How to get a Master’s in Data Science using Nanodegree Programs?

12 min readSep 5, 2020

Can you get an education that is equivalent to a Master’s in Data Science from Stanford, Harvard, Columbia, or Berkley using Nanodegree Programs? Turns out, yes! Well, now you can.

2 years ago, I got inspired by David Venturi to curate my Master’s in Data Science using online courses. At the time, there weren’t enough Nanodegree Programs.

However, as I near completion of my curated path, there are enough programs to cover the core and elective courses of a typical Master’s curriculum. You can learn it all, at a fraction of the cost.

So, I thought I’ll redesign mine if I were to start from scratch.

About Me

It’s disheartening. We are often told that our minds are the way they are, and there is no changing it. Some people are just good at math. It’s a gift. Some are just bad at math. That’s how it is, and always will be. However, my journey has taught me differently.

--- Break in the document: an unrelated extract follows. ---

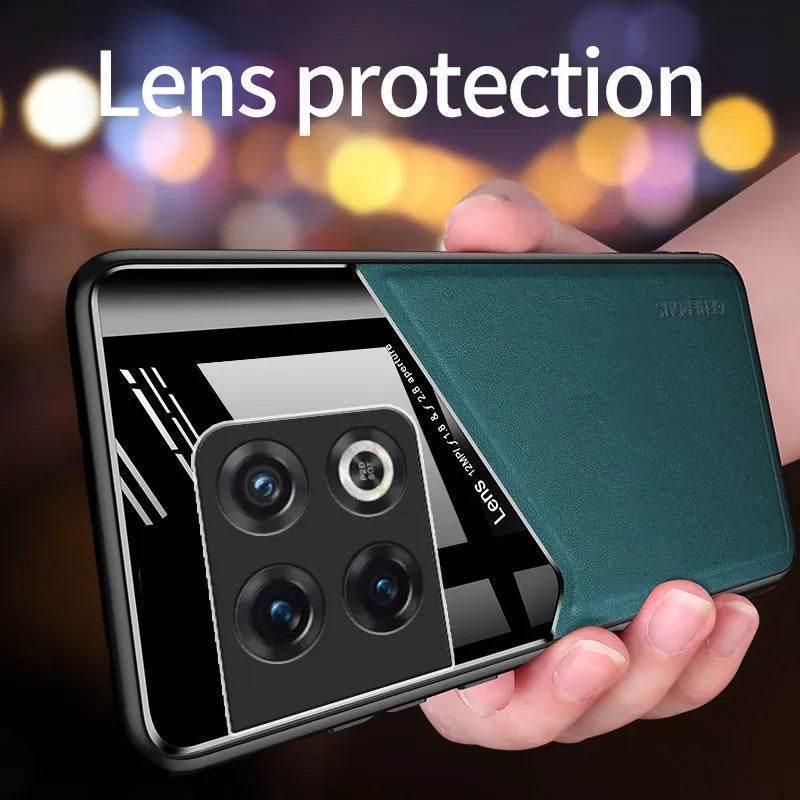 OnePlus 11R Vintage Leather Magnetic Holder Case - Million Cases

Hi, I’m Rishabh Chopra. I was a Commerce student pursuing Film Making. Yet, I developed an interest in Computer Science when I took Udacity’s Intro to Programming Nanodegree. My first line of HTML had me hooked. I jumped out of my seat when I saw how a few lines of my code had made a web page!

Since then, I have completed five Nanodegree Programs pursuing my curated Data Science Masters. Given the flexibility of online learning, I joined Udacity as a Learning Coach last year. I now work as a Program Experience Manager for the School of Data Science.

Motivation

I am writing this post for 3 reasons.

I hope this post inspires you to start your learning journey. It has been an empowering experience for me.
I want to share some of the mistakes I made.
I want to push myself to finish the remaining courses. I thought posting about it may add a bit more accountability to me.

The Process

I studied the curriculum of Berkeley, Stanford, Columbia, and Harvard. I noted the concepts taught in each of their courses. I researched how the concepts taught will be useful for a Data Scientist. Then, I mapped each course to a Nanodegree Program. When there were concepts that went beyond the scope of the program, I used books.

This curriculum is divided into 10 sections containing the core, optional, and the electives.

Now, a master’s degree is good for three things:

A Structured Learning Path
The Accountability
The Projects

This post solves for the Structured Learning Path. So, what about the rest?

Enter, Nanodegree Programs

When starting off, my curriculum had a mix of online resources. However, I found myself looking for a Nanodegree for each subject I was learning. Maybe I was just used to them. The 2 biggest reasons were:

The Accountability: With a combination of Mentorship, Project Reviews, and Less Passive Learning (I’m not a fan of long lectures), it was easier to discipline myself.
The Projects: Each Nanodegree provided me a convenient way to showcase a set of skills in each subject.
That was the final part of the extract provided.